CLINICAL OBSERVATIONS:
Neither mortality nor clinical signs were recorded in animals treated at all dose levels investigated (10, 25 and 50% w/w).

BODY WEIGHTS:
Changes in body weight observed during the study were within the expected range for this strain and age of animals.

Preliminary test:

-         Five concentrations (50, 25, 10, 5 and 2.5% w/w) of the test item were selected to be used in the preliminary phase.

-         No signs of toxicity (clinical signs or toxicologically relevant body weight losses) were observed at any of the tested concentrations.

-         The evaluation of visible reactions showed no erythema at any of the concentrations investigated (50, 25, 10, 5 and 2.5% w/w).

-         The evaluation of ear thickness indicated that no significant increase was induced by treatment (values of Day 6 compared to Day 1).

-         The evaluation of ear punch weight indicated that no relevant increase was observed in the treated animals, when compared to the animals treated with the vehicle.

 

Based on the results described above, the highest concentration selected for the main assay was 50% w/w.
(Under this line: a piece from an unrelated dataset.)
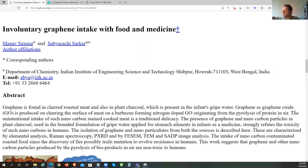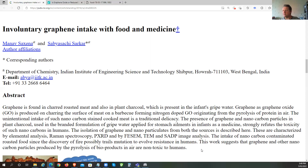The unintended intake of such nanocarbons of graphene oxide — the stuff everybody's concerned about — is found in charred cooked meat as a traditional delicacy. A bit of charring on the outside is quite enjoyable. The presence of graphene and nanocarbon particles in plant charcoal is used in branded formulations of grape water, applied for stomach ailments in infants as a medicine. It even helps with stomach upsets in infants in India.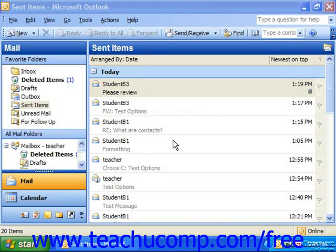Once in a while you send a message to someone and then for whatever reason you wish to delete it, or delete it and replace it with another message. Outlook provides this capability through the Sent Items folder. This function will only work, however, if the recipient of the email has not yet opened the message.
Interpretation of results:
Category 1 (skin sensitising) based on GHS criteria
Conclusions:
In an LLNA BrdU-Elisa test (according to OECD 442b) a marked increase in cell proliferation of draining lymph nodes was observed in the high, medium and low dose groups with Stimulation Indices of 3.07, 4.77 and 4.64, respectively. Dunnett’s test showed a statistically significant difference (p < 0.01) between medium and low dose groups and negative control group, indicating that the test item may elicit a sensitisation response.
Executive summary:

In a dermal sensitization study (442B) with the test item (87.9%) four female CBA/JN mice were tested at concentrations of 50, 25 and 10% w/w in acetone/olive oil (4:1 v/v) using the LLNA:BrdU-ELISA method. As positive control hexyl cinnamic aldehyde was used and a stimulation index of 8.49 was calculated indicating the validity of the test system. No mortality nor clinical signs were recorded in any animal. Changes in body weight observed during the study were within the expected range for this strain and age of animals. An increase in cell proliferation of draining lymph nodes was observed in the high, medium and low dose groups with Stimulation Indices of 3.07, 4.77 and 4.64, respectively. Dunnett’s test showed a statistically significant difference (p < 0.01) between medium and low dose groups and negative control group. In this study the test item is a dermal sensitizer (Skin Sens 1, H317). Subcategorisation into 1A/1B is not possible as the EC3 value could not be calculated as the stimulation indices of all concentrations were above 3.

Endpoint conclusion
Endpoint conclusion:
adverse effect observed (sensitising)
Additional information:

The potential of the target substance (87.9% purity) to cause skin sensitisation reactions following topical application to the skin of CBA/JN mice, was assessed using the LLNA: BrdU-ELISA method (OECD 442B). Based on the results from a preliminary test the test item was topically administered at concentrations of 50, 25 and 10% w/w, in acetone:olive oil 4:1 (v/v) in the main assay. No mortality nor clinical signs were recorded in any animal. Changes in body weight observed during the study were within the expected range for this strain and age of animals. An increase in cell proliferation of draining lymph nodes was observed in the high, medium and low dose groups with Stimulation Indices of 3.07, 4.77 and 4.64, respectively. Dunnett’s test showed a statistically significant difference (p < 0.01) between medium and low dose groups and negative control group, indicating that the test item may elicit a sensitisation response.

Respiratory sensitisation

Endpoint conclusion
Endpoint conclusion:
no study available

Justification for classification or non-classification

In a dermal sensitization study according to OECD 442B, female mice were tested positve for the target substance. Based on the results, classification of the target substance is warranted (Skin Sens. 1, H317). Subcategorisation into 1A/1B is not possible as the EC3 value could not be determined as the stimulation indices of all concentrations were above 3.